A evocação de Henrique de Barros (ver post abaixo) trouxe-me à memória o episódio das eleições de 1969 para a Assembleia Nacional do "Estado Novo" (decorreram 35 anos em Outubro passado), que a oposição democrática resolveu disputar, aproveitando a frustre "abertura marcelista" de então para agitar a opinião pública contra o regime. As dificuldades eram enormes. Apesar do alargamento do sufrágio então decretado, eram uma minoria os recenseados, com presença esmagadora dos funcionários públicos, dos militares e agentes das forças de segurança, dos religiosos e dos apaniguados do regime, todos oficiosamente inscritos, por força da lei ou do zelo da Legião Portuguesa. Muitos oposicionistas não constavam dos cadernos, por terem direitos políticos suspensos, ou por simples corte arbitrário das autoridades, que manipulavam livremente o recenseamento eleitoral. A massa do povo estava fora da vida política.

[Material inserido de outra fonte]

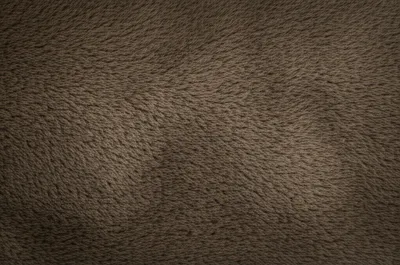 Illustration moleskins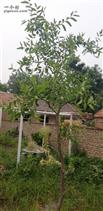 任董庄村 我家院子里有两棵树，一棵是枣树，另一棵也是枣树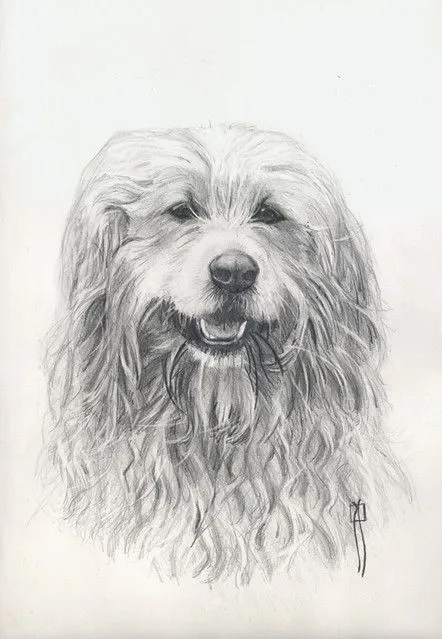 Dibujos de perro a lapiz - Imagui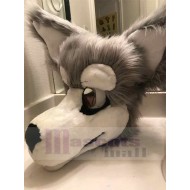 Fursuit de lobo gris Disfraz de mascota animal Solo cabeza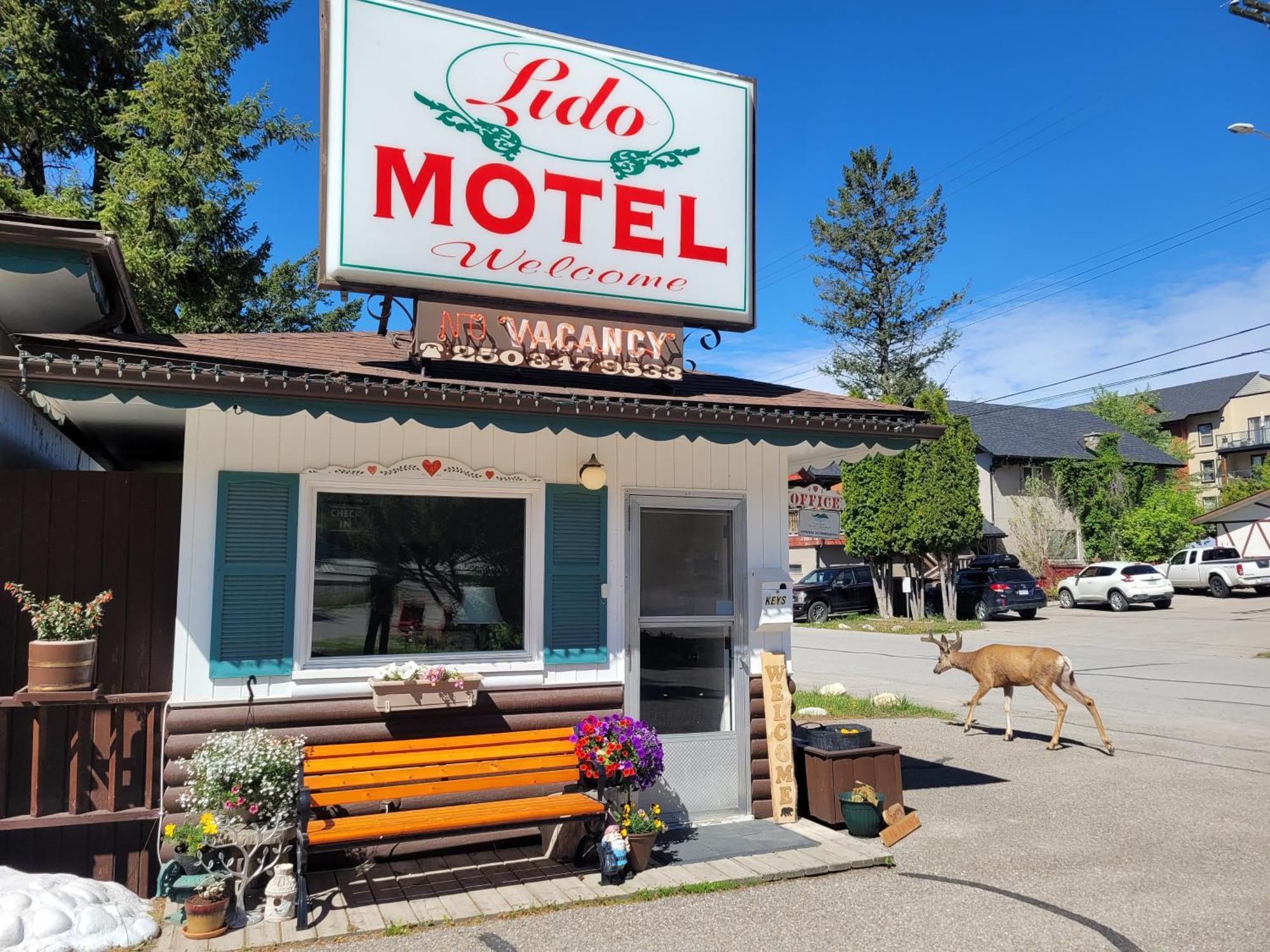 Lido Motel Radium Hot Springs Exterior foto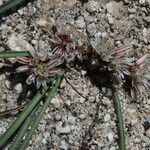 Allium obtusum Fiore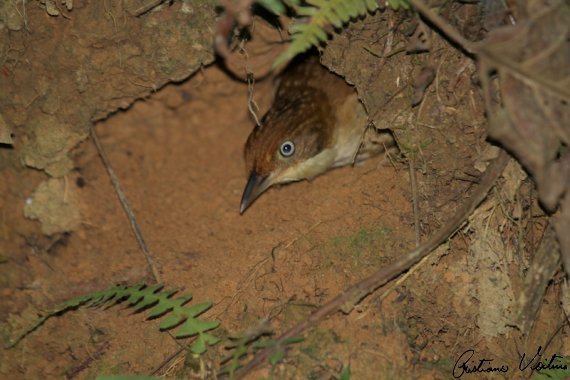 Barranqueiro-de-olho-branco em Brusque - SC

Como a lei não previa que as listas concorrentes constassem de um boletim único, a oposição tinha de imprimir os seus próprios boletins de voto e distribui-los pelos eleitores, o que era uma tarefa trabalhosa e dispendiosa, e só cobriu parte dos eleitores inscritos. Para que os boletins de voto fossem iguais aos da Acção Nacional Popular (novo nome da antiga União Nacional, o partido oficial), conseguimos saber pelos tipógrafos comunistas clandestinos como seriam os dela, tendo depois feito imprimir os nossos com o mesmo tipo de papel e de impressão. Qual não foi a nossa surpresa quando nas vésperas da eleição recebemos os boletins de voto da ANP, impressos num papel de textura e de tonalidade ostensivamente diferentes e com uma impressão facilmente reconhecível pelo tacto. Tinham alterado à última da hora os boletins de voto, para os diferenciarem propositadamente dos nossos, de modo a inibir quem tivesse receio de ser identificado como votante da oposição...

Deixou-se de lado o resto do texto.